There are few things as regrettable as a steak well done. Cooking meat to the point of leathery toughness dulls the flavor, among many other things. "Forgive my snobbishness, but well-done meat is dry and flavorless," Mark Bittman wrote in 2007, imploring people to serve hamburgers "rare, or at most medium rare." And he's not alone. The list of reputable voices who don't recommend eating meat well done is long.
And yet, for Donald Trump, the opinion of world renowned gourmands is not enough.
On Tuesday, the New York Times published a story about the life of the Republican frontrunner, as told through the eyes of his longtime butler. Tucked inside of it was this, a juicy (or, really, not juicy at all) tidbit about Trump's eating habits:
He understands Mr. Trump’s sleeping patterns and how he likes his steak ("It would rock on the plate, it was so well done"), and how Mr. Trump insists — despite the hair salon on the premises — on doing his own hair.

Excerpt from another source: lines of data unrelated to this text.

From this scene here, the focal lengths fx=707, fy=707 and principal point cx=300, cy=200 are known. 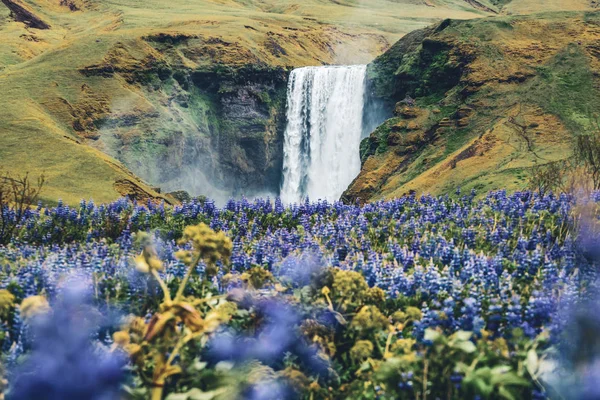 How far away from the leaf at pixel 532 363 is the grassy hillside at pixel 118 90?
76.7 ft

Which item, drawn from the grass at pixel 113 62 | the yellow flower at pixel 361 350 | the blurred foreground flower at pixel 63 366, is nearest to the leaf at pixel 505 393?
the yellow flower at pixel 361 350

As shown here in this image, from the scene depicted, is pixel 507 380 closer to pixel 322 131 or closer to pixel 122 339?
pixel 122 339

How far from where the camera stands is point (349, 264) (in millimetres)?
7445

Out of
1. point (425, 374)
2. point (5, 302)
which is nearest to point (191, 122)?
point (5, 302)

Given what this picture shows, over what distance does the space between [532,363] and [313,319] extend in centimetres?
174

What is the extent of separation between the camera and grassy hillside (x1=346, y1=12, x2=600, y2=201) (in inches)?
981

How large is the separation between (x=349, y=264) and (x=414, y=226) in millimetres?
1890

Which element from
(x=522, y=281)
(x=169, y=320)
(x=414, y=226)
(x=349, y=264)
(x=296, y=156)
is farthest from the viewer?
(x=296, y=156)

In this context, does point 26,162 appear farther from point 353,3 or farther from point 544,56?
point 353,3

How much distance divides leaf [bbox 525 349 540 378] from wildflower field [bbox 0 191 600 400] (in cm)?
2

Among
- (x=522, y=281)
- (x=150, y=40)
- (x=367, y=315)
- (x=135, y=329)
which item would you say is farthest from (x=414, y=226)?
(x=150, y=40)

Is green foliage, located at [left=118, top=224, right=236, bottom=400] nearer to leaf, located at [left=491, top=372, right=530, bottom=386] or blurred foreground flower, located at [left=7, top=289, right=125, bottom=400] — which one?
blurred foreground flower, located at [left=7, top=289, right=125, bottom=400]

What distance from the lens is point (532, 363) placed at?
4754 mm

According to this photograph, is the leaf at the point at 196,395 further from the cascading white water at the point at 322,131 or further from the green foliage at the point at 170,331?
the cascading white water at the point at 322,131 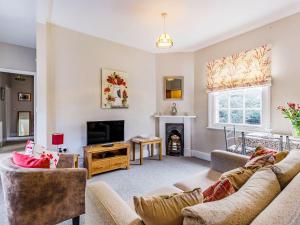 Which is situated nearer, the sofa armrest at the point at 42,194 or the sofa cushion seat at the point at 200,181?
the sofa armrest at the point at 42,194

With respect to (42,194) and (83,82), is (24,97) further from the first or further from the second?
(42,194)

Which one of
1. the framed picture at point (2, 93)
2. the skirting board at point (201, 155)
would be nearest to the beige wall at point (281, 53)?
the skirting board at point (201, 155)

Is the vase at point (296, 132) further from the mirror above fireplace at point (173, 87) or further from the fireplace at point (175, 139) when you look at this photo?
the mirror above fireplace at point (173, 87)

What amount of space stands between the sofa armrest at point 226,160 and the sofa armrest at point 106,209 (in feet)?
4.92

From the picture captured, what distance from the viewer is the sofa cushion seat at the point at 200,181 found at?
1.88 metres

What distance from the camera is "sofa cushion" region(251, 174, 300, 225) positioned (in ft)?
2.43

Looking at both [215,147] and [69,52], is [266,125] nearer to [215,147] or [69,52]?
[215,147]

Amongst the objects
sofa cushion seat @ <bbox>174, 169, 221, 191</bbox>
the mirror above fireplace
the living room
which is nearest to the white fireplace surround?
the living room

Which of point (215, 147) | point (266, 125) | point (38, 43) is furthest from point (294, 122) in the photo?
point (38, 43)

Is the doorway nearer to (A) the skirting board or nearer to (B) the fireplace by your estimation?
(B) the fireplace

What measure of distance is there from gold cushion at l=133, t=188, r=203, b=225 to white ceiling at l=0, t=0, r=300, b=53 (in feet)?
8.63

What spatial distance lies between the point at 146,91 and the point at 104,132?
1.62 meters

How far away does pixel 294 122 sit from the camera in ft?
8.54

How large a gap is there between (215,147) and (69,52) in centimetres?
364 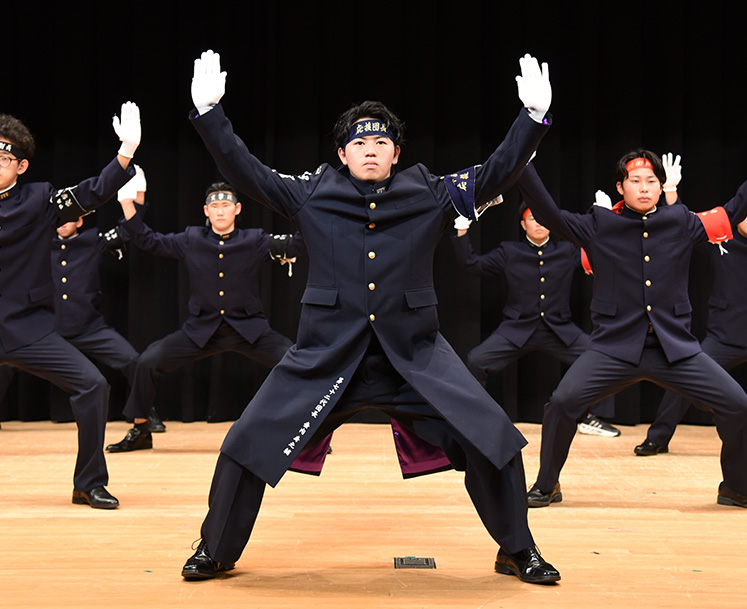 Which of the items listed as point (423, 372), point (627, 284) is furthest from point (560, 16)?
point (423, 372)

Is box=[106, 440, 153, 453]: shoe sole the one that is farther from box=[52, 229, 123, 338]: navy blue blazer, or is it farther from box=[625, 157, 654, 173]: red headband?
box=[625, 157, 654, 173]: red headband

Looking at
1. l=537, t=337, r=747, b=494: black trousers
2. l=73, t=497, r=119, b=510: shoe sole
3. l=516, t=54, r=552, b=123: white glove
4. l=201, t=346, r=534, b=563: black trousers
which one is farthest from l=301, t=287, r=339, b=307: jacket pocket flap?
l=73, t=497, r=119, b=510: shoe sole

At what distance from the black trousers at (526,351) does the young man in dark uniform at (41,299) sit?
2552 millimetres

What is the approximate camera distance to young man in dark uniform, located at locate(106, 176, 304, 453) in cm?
487

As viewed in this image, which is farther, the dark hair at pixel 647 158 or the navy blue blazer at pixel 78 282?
the navy blue blazer at pixel 78 282

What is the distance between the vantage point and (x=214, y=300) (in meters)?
4.92

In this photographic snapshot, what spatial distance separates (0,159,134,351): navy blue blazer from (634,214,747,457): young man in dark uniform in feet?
9.99

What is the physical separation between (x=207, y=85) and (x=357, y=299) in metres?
0.74

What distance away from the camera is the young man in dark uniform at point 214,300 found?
487 cm

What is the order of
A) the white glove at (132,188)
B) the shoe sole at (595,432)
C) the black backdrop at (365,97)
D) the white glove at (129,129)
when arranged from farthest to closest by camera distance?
the black backdrop at (365,97) < the shoe sole at (595,432) < the white glove at (132,188) < the white glove at (129,129)

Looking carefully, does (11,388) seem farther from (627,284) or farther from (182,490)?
(627,284)

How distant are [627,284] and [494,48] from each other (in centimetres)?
283

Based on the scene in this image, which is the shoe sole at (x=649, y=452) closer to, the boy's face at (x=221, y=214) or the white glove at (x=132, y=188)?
the boy's face at (x=221, y=214)

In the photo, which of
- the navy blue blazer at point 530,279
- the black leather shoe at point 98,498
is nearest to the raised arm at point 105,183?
the black leather shoe at point 98,498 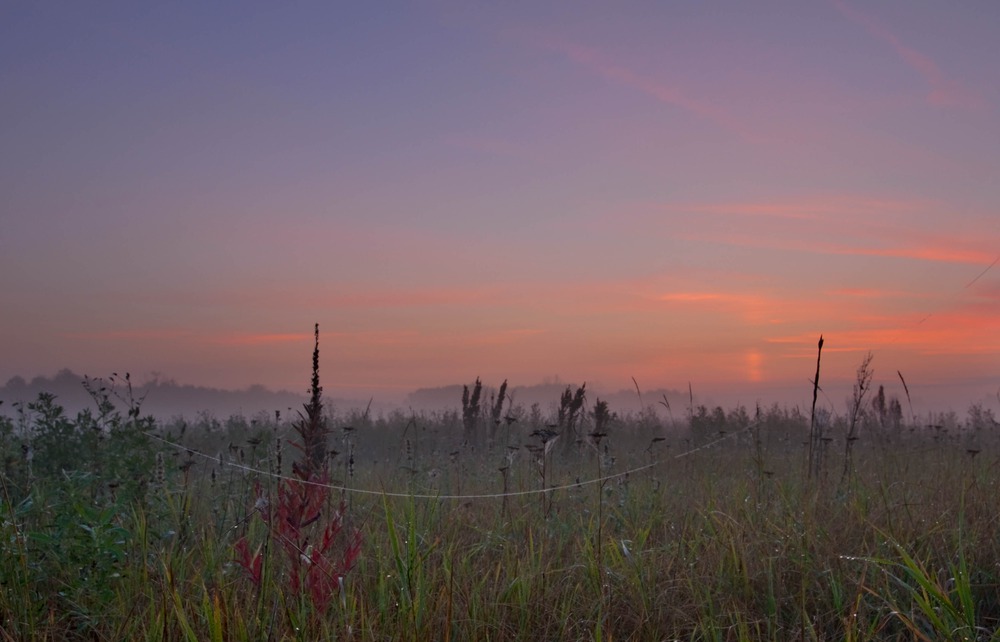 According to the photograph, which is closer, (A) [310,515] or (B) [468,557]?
(A) [310,515]

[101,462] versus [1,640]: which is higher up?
[101,462]

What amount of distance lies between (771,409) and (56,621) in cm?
1597

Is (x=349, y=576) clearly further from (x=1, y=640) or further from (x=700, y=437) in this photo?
(x=700, y=437)

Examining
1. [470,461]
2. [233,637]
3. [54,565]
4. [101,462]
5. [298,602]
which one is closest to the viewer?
[233,637]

It's hard to repeat that—"it would rock on the plate"—without cringing, as many have rushed to point out. Vox, New York Magazine, The Huffington Post, and countless other outlets have written about the disappointing quirk.

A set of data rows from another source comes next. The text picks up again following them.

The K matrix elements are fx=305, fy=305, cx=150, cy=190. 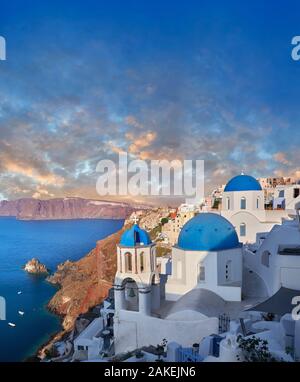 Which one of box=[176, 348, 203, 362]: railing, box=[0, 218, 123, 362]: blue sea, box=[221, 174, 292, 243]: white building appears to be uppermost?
box=[221, 174, 292, 243]: white building

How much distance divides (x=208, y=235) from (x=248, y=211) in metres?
6.19

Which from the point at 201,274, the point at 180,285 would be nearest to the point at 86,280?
the point at 180,285

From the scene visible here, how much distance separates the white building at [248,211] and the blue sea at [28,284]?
71.9 feet

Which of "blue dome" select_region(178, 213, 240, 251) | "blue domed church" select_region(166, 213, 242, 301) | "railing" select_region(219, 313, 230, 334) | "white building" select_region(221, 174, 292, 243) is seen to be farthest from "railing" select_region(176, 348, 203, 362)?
"white building" select_region(221, 174, 292, 243)

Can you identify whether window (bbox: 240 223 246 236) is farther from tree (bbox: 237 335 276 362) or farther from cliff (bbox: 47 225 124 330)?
cliff (bbox: 47 225 124 330)

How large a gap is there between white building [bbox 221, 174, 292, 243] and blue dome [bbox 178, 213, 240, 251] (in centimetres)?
537

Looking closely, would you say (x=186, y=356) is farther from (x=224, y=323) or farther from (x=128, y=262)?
(x=128, y=262)

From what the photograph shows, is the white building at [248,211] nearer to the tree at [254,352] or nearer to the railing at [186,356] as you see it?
the railing at [186,356]

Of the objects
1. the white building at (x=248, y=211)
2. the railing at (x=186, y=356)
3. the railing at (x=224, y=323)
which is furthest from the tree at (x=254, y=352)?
the white building at (x=248, y=211)

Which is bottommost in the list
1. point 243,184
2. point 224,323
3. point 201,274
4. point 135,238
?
point 224,323

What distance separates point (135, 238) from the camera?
34.3 feet

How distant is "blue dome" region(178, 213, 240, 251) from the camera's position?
10555 mm

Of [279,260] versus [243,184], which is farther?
[243,184] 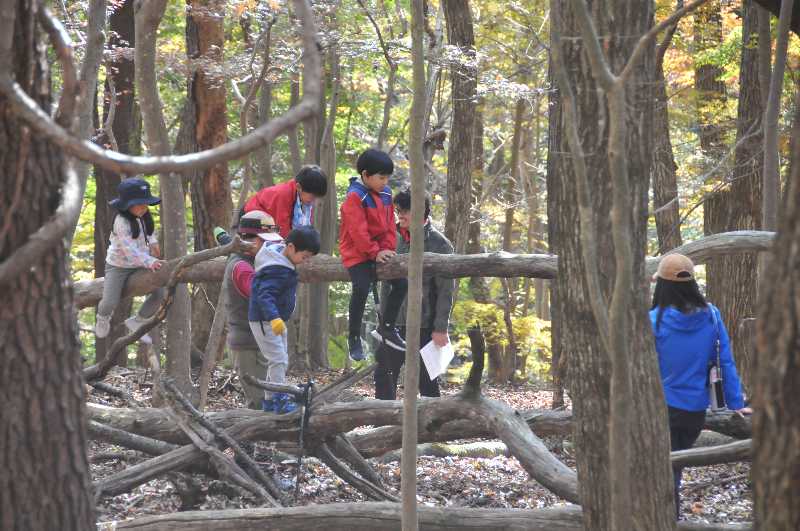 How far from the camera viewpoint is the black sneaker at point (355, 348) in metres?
7.51

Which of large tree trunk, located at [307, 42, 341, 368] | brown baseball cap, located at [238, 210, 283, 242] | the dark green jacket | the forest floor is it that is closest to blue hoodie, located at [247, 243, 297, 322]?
brown baseball cap, located at [238, 210, 283, 242]

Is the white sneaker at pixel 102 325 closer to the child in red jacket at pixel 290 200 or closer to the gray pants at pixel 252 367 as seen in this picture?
the gray pants at pixel 252 367

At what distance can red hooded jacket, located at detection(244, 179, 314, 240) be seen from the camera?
293 inches

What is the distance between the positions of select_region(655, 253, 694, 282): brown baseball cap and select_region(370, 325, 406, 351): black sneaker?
275cm

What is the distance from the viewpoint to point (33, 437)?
304 cm

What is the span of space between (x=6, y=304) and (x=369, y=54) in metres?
8.79

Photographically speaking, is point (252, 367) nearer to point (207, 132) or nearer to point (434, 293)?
point (434, 293)

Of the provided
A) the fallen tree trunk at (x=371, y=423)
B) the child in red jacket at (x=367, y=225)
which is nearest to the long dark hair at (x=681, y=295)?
the fallen tree trunk at (x=371, y=423)

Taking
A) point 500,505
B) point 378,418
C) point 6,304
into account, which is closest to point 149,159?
point 6,304

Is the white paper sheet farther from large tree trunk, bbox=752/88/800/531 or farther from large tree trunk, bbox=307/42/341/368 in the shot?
large tree trunk, bbox=307/42/341/368

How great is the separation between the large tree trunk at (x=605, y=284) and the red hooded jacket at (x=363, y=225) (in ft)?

But disappointing as Trump's preference for chewy, indiscernible, overcooked mouthfuls of meat might be, it's worth stepping back—away from the realm of judgmental meat eaters, like us—to process how the people feel about it. And you know what? They probably feel all right, because a surprisingly large percentage of Americans prefer the same.
For instance, a 2014 survey by 538 found that fully one-quarter of Americans said they liked their steak done “well” or “medium-well.” Is this Trump's base? Hard to tell, since there weren’t enough steak-eaters in the 538 survey to break out demographic groups. But we can turn instead to a 2012 60 Minutes/Vanity Fair survey that asked 1,000 Americans how they liked their burgers done.
The results shock the conscience. Thirty-six percent of respondents said they liked their burgers well done, making that the most popular response. Another 29 percent liked medium burgers, 19 percent prefer medium-rare, and only 4 percent cook their burgers rare.
Digging into the demographics, a few interesting patterns stand out. First, preference for overcooked meat is strongly correlated with age. Forty-six percent of senior citizens prefer their burgers well done, compared to only 27 percent of those aged 18 to 29.
The less-educated are also more likely to prefer well done burgers – 47 percent of those with a high school education or less like their burgers well done, compared to only 25 percent of those with a college or advanced degree.
There’s a similar relationship with income, with people in higher-income households less likely to overcook their burgers than people in low-income households.
Interestingly, the numbers are somewhat scrambled when it comes to party and ideology. Democrats (43 percent) are somewhat more likely to prefer well done burgers than Republicans (32 percent) or Independents (33 percent). But on ideology, there’s virtually no difference on burger preference between self-identified liberals, moderates and conservatives.
Still, it’s interesting that preference for well done meat appears to be concentrated among the demographic groups – older, less-educated and less-wealthy Americans – that have formed the core of Donald Trump’s support so far. As pollster Ariel Edwards-Levy remarked yesterday,
The takeaway isn't that ordering meat well done is an acceptable practice—we, along with all the other right-minded people in the world, maintain that it is a misguided choice, always. Rather, it's that shaming Trump for his misguided meat habits, when there's a plethora of people out there who do the same, is missing the forest for the tree with funny hair.
In 1982, the New York Times posited that the tradition "of eating well-done or overcooked meat...may finally be heading for extinction." Clearly that hasn't panned out.